Hierarchical Encapsulation and Rich sp ² N Assist Sb ₂ Se ₃ ‐Based Conversion‐Alloying Anode for Long‐Life Sodium‐ and Potassium‐Ion Storage

Sodium- and potassium-ion batteries (SIBs and PIBs) have exhibited great application potential in grid-scale energy storage due to the abundant natural resources of Na and K. Conversion-alloying anodes with high theoretical capacity and low-operating voltage are ideal option for SIBs and PIBs but suffer the tremendous volume variations. Herein, a hierarchically structural design and sp2 N-doping assist a conversion-alloying material, Sb2Se3, to achieve superior life span more than 1000 cycles. It is confirmed that the Sb2Se3 evolves into nano grains that absorb on the sp2 N sites and in-situ form chemical bonding of C-N-Sb after initial discharge.
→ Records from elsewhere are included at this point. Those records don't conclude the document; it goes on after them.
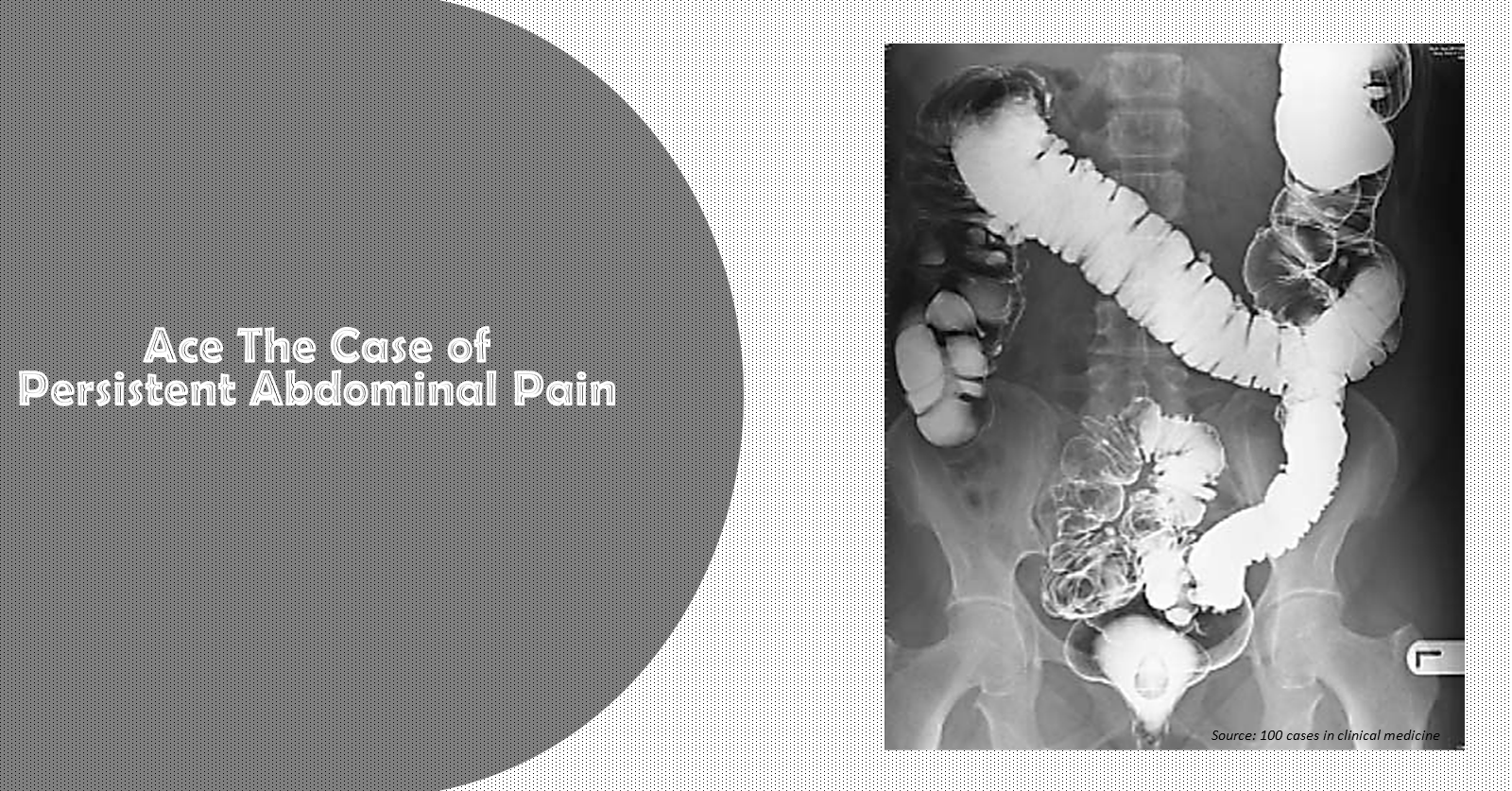 Identify the Reason Behind Persistent Abdominal Pain
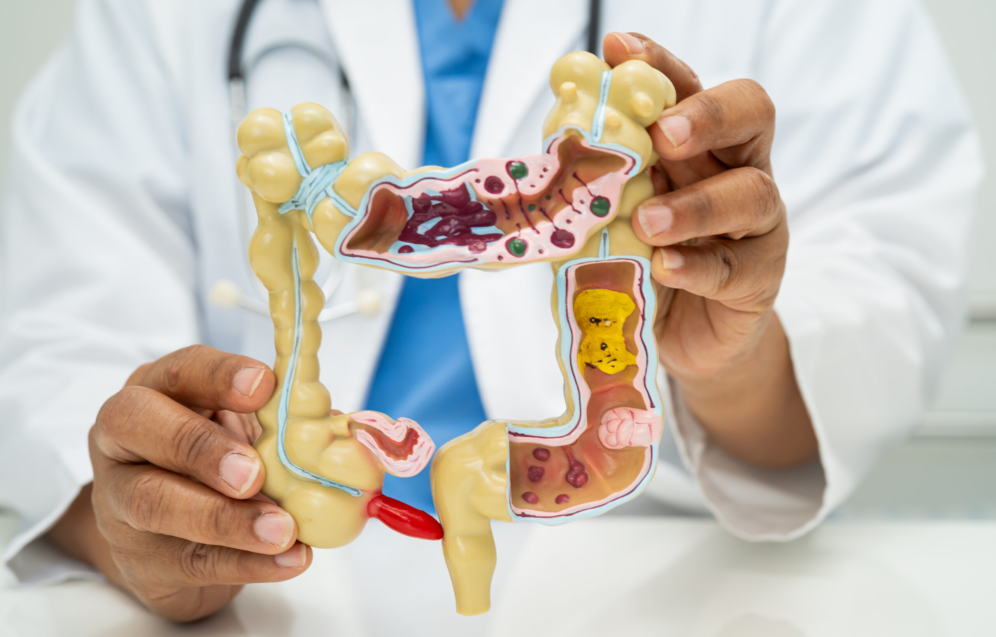 Anatomiemodell des menschlichen Verdauungssystems zur Patientenaufklärung und Diagnostik von Darmbeschwerden in der Praxis Juvanity Lampertheim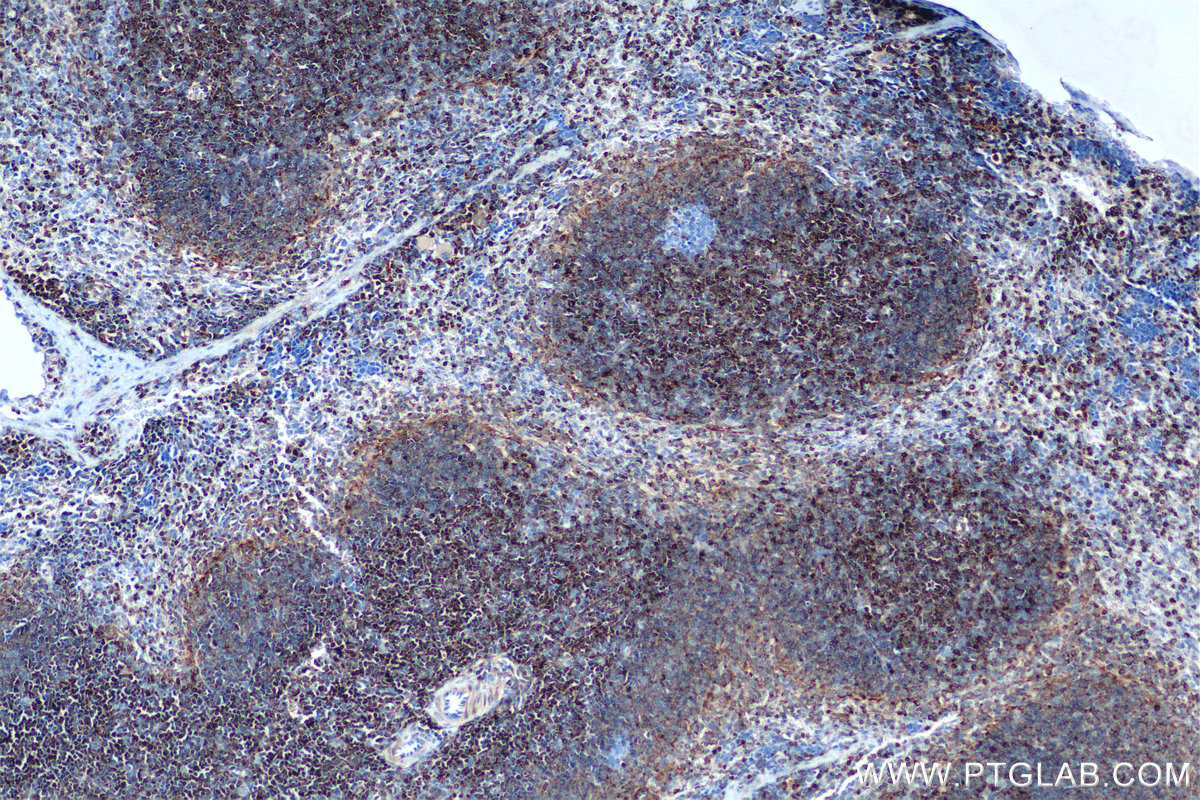 IHC staining of mouse spleen using 82469-6-RR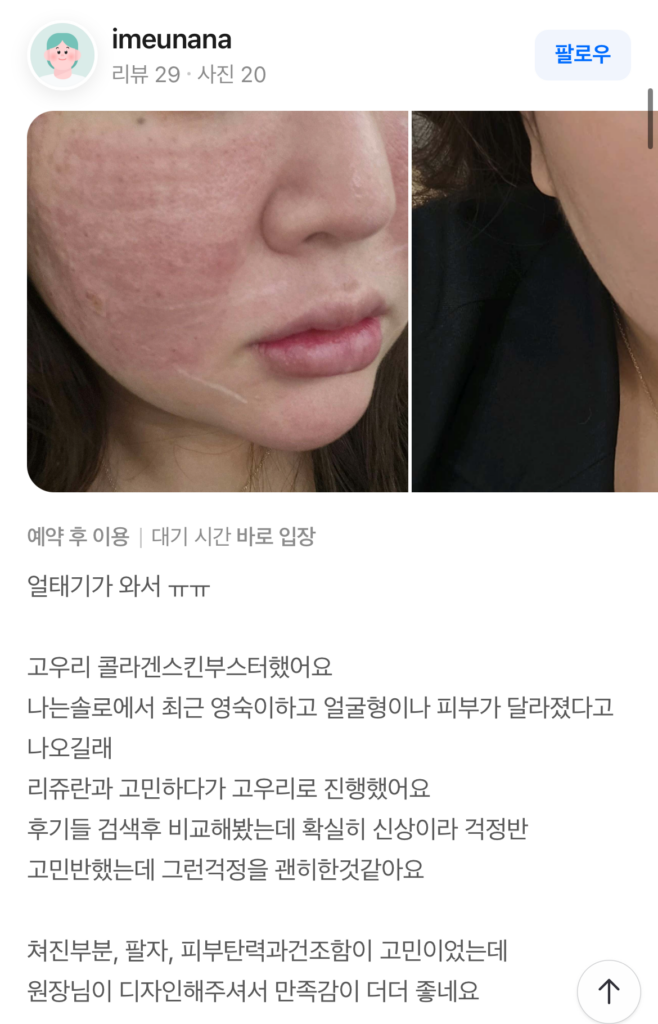 KakaoTalk 20260601 115605147 04 e1780981270762 - 디온의원 선릉점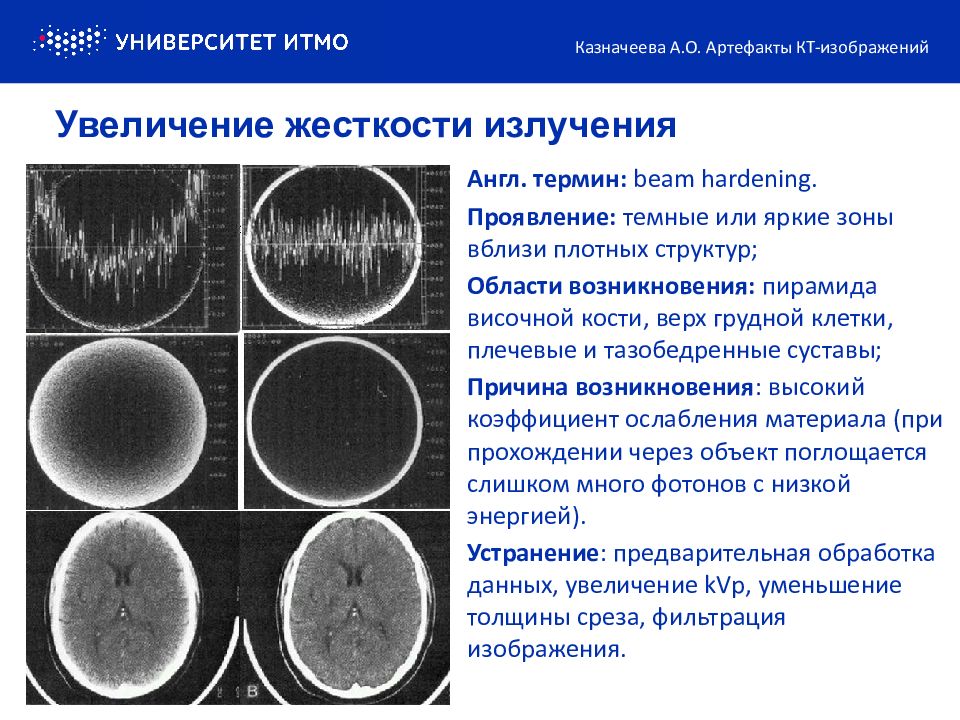 Артефакты кт изображений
Simulation results indicate that sp2 N has more robust interaction with Sb and stronger adsorption capacities to Na+ and K+ than that of sp3 N, which contributes to the durable cycling ability and high electrochemical activity, respectively. The ex-situ TEM and XPS results suggest that the Sb2Se3 electrode experiences conversion-alloying dual-mechanisms based on 12-electron transfer per formula unit.